The process of "awards" of 1816 benefited only the landowners, in particular the Bishop of London, Thomas Allen, lord of the manor of Finchley at Bibbesworth, 96 acre, and the rector of Finchley, a massive 117 acre. (Note: 10 'Finchley: Public services', A History of the County of Middlesex: Volume 6: Friern Barnet, Finchley, Hornsey with Highgate (1980), pp. 79–82 The enclosure was probably delayed by debates over awards, but there is a possibility that the common's military use took precedence during what was a time of national emergency. These awards and the plan of 1814 are available to view at London Borough of Barnet local studies unit in Mill Hill.) The costs of enclosure were raised through the sale of parcels of land.

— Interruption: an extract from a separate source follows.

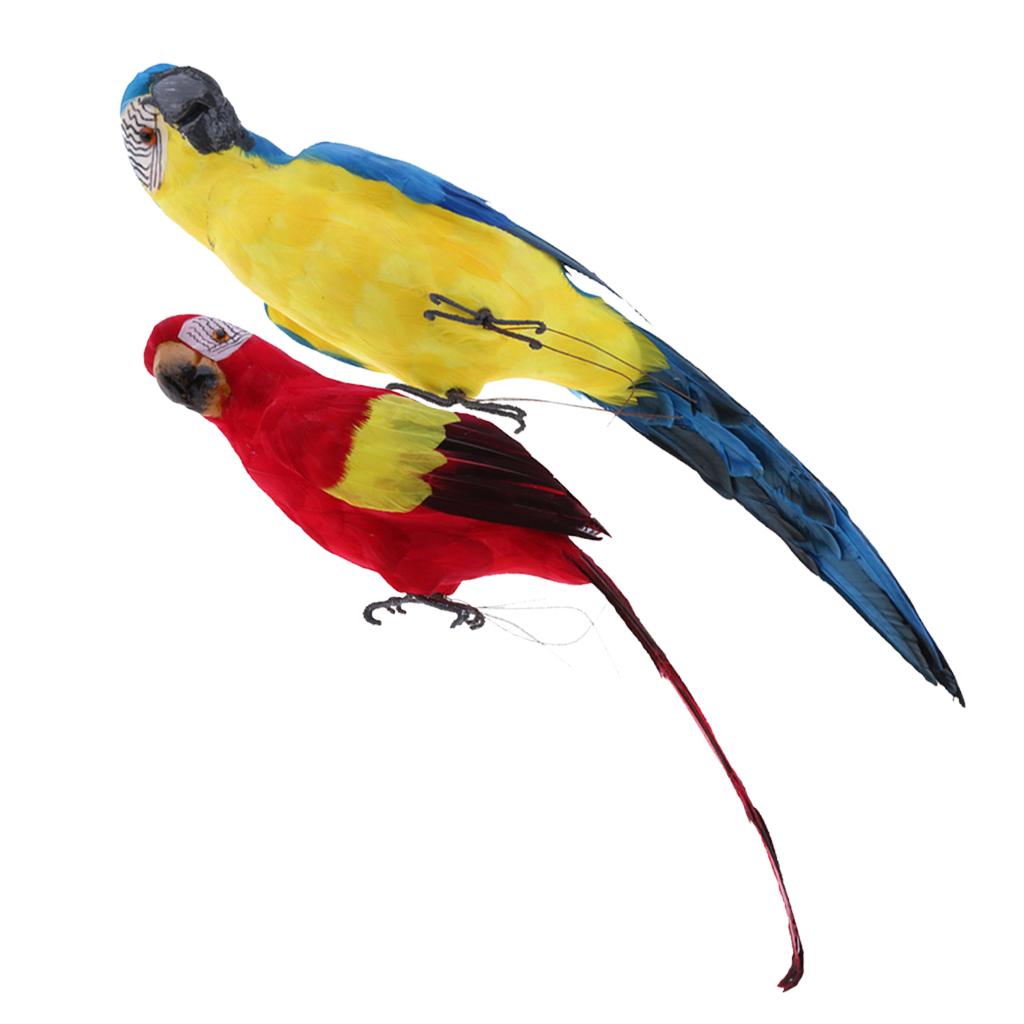 Blue & Red Bird Feather Realistic Home Garden Decor Ornament Parrot Bird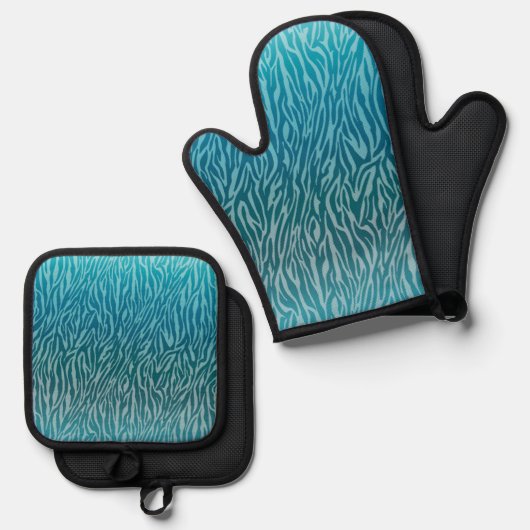 Aqua Ombre Zebra Print Ovenwant & Pannenlap Set (Voorkant / Achterkant)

The Regents Canal Company, had acquired 105 acre of land to use as a reservoir at a cost of £80 per acre, and much was sold to Thomas Collins, of Woodhouse. (Note: The canal company decided on the Welsh Harp site instead and sold the land in July 1818. Oddly enough the reservoir appears on the 1814 award plan.) An area of 15 acre was set aside in the act of 1811 as fuel land, to be rented out to local farmers with the money used as a winter dole of fuel to the "deserving poor". (Note: The land was converted into garden allotments in the late 1840s, but passed into the hands of one of the trustees who turned them back into hayfields. The land was reopened as allotments in March 1890, after the Finchley Allotment League (modelling itself on the Birmingham Allotment League) forced the trustees to adhere to the Allotments Extension Act 1882 (45 & 46 Vict. c. 80) requiring such land to be so used where there was local demand. The Fuel Lands are still used for allotments, but are now administered by the Finchley Charities. As such these allotments are the last lands governed by the Finchley Inclosures Act 1811.)

===After enclosure===

The enclosed common with its excellent road connection to London was attractive to agencies that required large expanses of land. Later landowners were advertising in The Times land which was "well adapted for a cemetery of public building, situated near the high north road". The first of these, the St. Pancras Cemetery, was established in 1852. Enclosure also had an immediate effect upon agriculture, most of the former common lands being in a "high state of cultivation" by 1817, but without careful husbandry, however, the soil became exhausted by the 1830s. Much of the land became hay meadow, and later it was subsumed in the general trend to suburban development.